The board issued a draft Rule G-36 in February that would require municipal advisers to act in good faith and in the best interests of issuer clients.

Advisers would have to disclose in writing any conflicts of interest, including third-party payments related to the engagement or other engagements, or relationships that might impair the adviser’s ability to act in the issuer’s best interests. They would have to obtain informed consent from the issuer regarding any such conflicts.

The rule would not prohibit contingency fees, but would prod advisers to disclose them.

That rule also has drawn complaints from muni advisers who warn that the MSRB is not imposing the same duty on underwriters, even though they sometimes promote themselves to issuers as having advisory as well as underwriting capabilities.

Bartolotta said Rules G-36 and G-23, which will bar dealer-advisers from underwriting the same municipal securities issues, “dovetail” with each other. “The whole intent was [that] how you hold yourself out at the beginning of an engagement to an issuer determines your role.”

However, he said the board did not take action on Rule G-23 at the meeting and is still working on it.

The interpretative guidance would clarify that Rule G-17 prohibits advisers and broker-dealers from engaging in any deceptive, dishonest and unfair practices and would make clear that any adviser that violates G-17 would also be violating Rule G-36.

The MSRB also met with the SEC commissioner Elisse Walter, who is spearheading an SEC review of the municipal market that is expected to result in a report that makes regulatory and legislative recommendations.

During the meeting, the MSRB “offered to be a resource to the commission,” Bartolotta said.

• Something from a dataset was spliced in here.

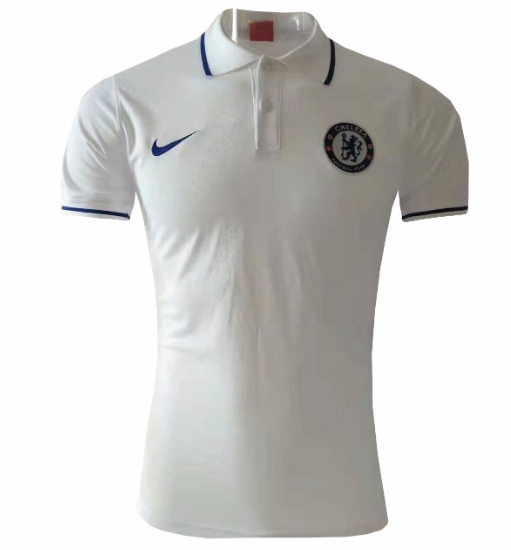 2019-20 CHELSEA WHITE POLO SHIRT WITH PANTS - Official Replica 5489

Walter expressed a keen interest in the muni market trade and pricing study that the MSRB has underway, said executive director Lynnette Hotchkiss.

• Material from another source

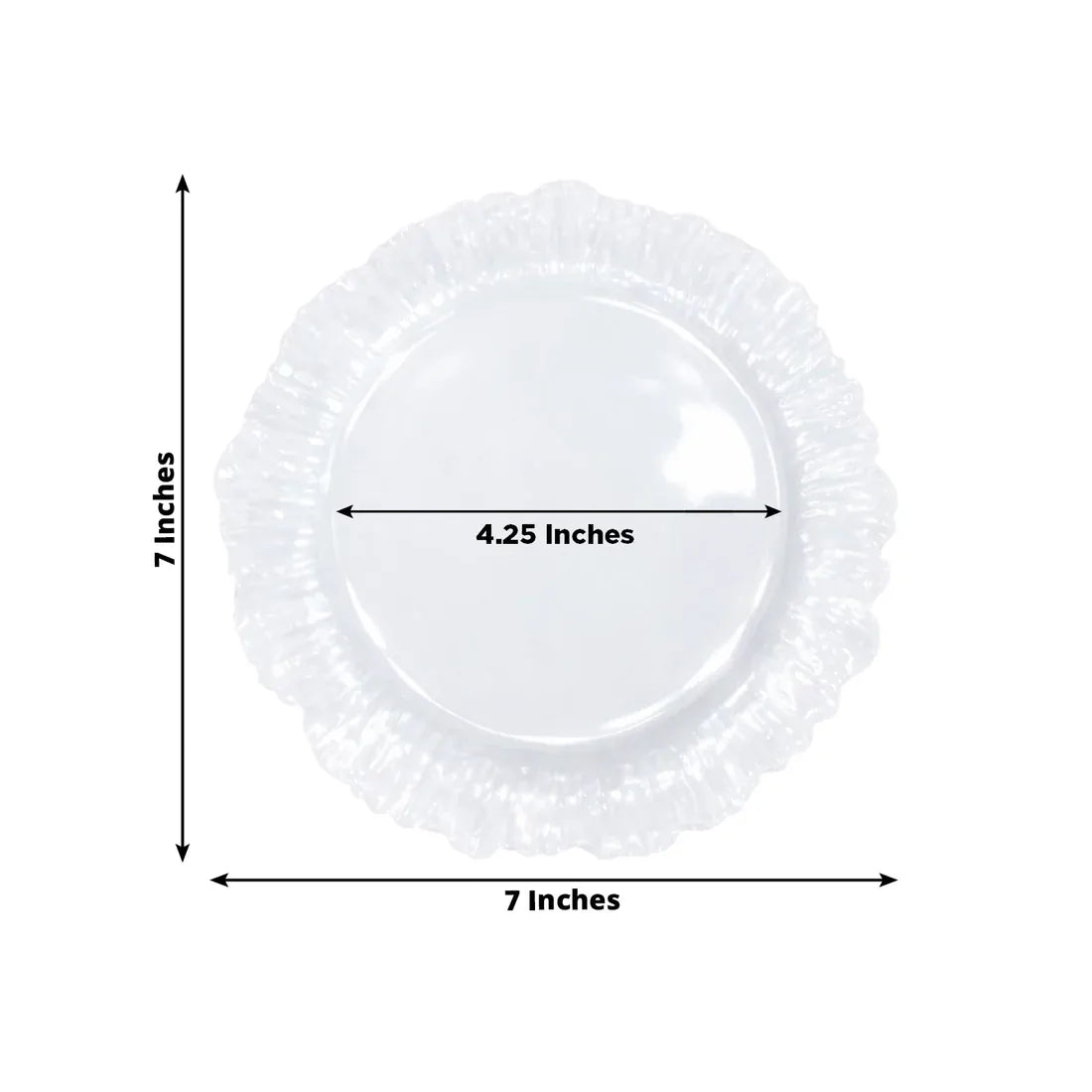 20 pcs 7 in wide Disposable Plastic Plates with Reef Design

Erik Sirri, a professor of finance at Babson College and former director of the SEC’s trading and markets division, is overseeing that study.

Hotchkiss said she hopes some preliminary results from the study will be available this year. But she declined to specify when the study might be finished, saying Sirri has been given “a very broad mandate to look at market and trading patterns” and that the study “is pretty open-ended at this point.”

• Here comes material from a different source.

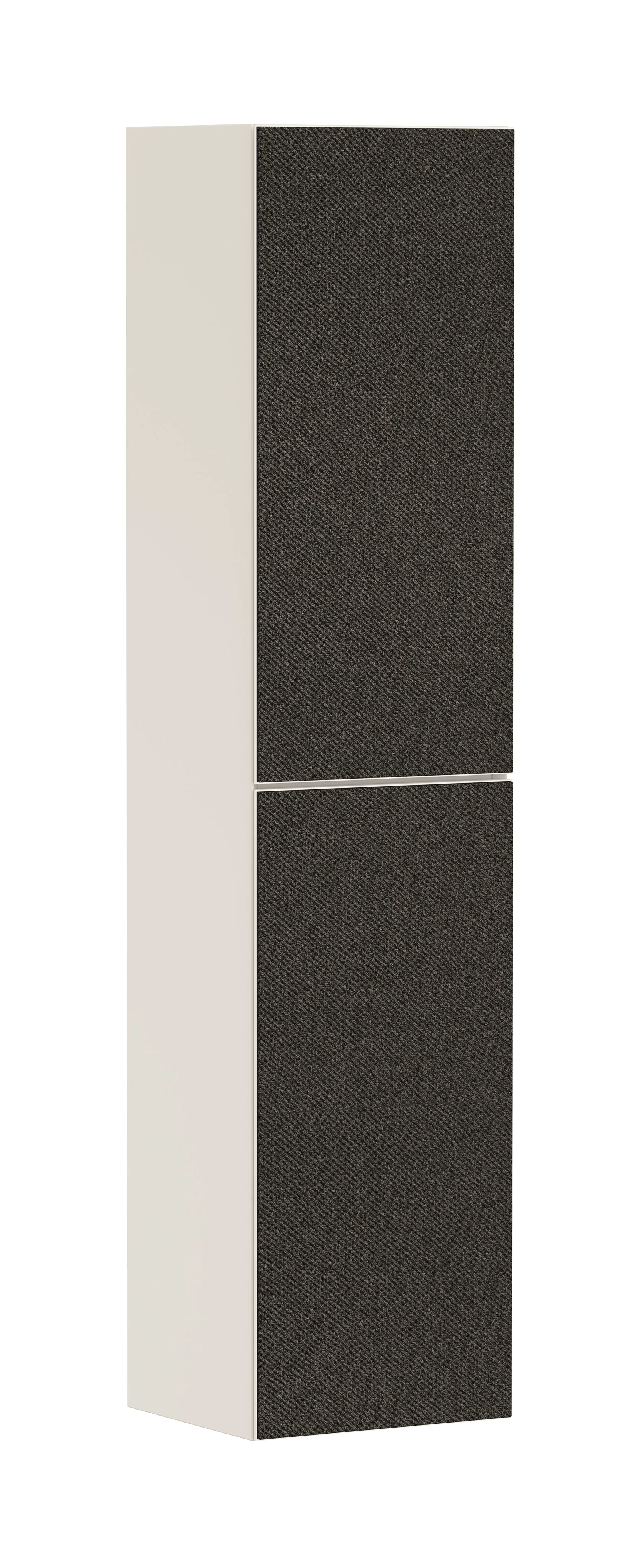 Hansgrohe Hochschrank Xevolos E Sandbeige Matt, 400x360 mm, Türanschlag rechts, Textilfront Dunkelgrau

The board also met with Richard Ketchum, the chairman and chief executive of the Financial Industry Regulatory Authority.

Bartolotta said the MSRB and FINRA are working on an agreement to establish their relationship and how the board’s rules will be enforced under the regulatory mandates of the Dodd Frank Wall Street Reform and Consumer Protection Act.

He said they discussed “how do we make sure that our rules are enforced fairly and vigorously.”

Hotchkiss said the agreement is “really nothing new,” in that the board has had such agreements in place with many other regulators, including FINRA.

The MSRB provides muni market trade, disclosure and other data feeds to regulators that go beyond what the public sees on the board’s site, she noted. The regulators can run queries of the data to look for abuses or to gain information about certain practices.

Bartolotta said the new agreement will update the current one.

When he was asked about pending proposals and legislation that would postpone implementation of derivatives rules mandated by Dodd-Frank, Bartolotta said: “My view is we’re dealing with the public’s money here. The sooner we can get some transparency and oversight in the muni market with respect to derivatives, I think the issuers would be well served by that.”

Henry said that the board has moved forward to make sure that swap advisers have the necessary qualifications to hold themselves out as swap advisers and that the MSRB’s interpretative guidance on Rule G-17 will make clear that if an underwriter recommends a complex transaction such as one involving a swap, certain disclosures are made to the issuer.

Henry said the board will take up its proposed Rule G-43 on broker’s brokers at its July meeting in Denver.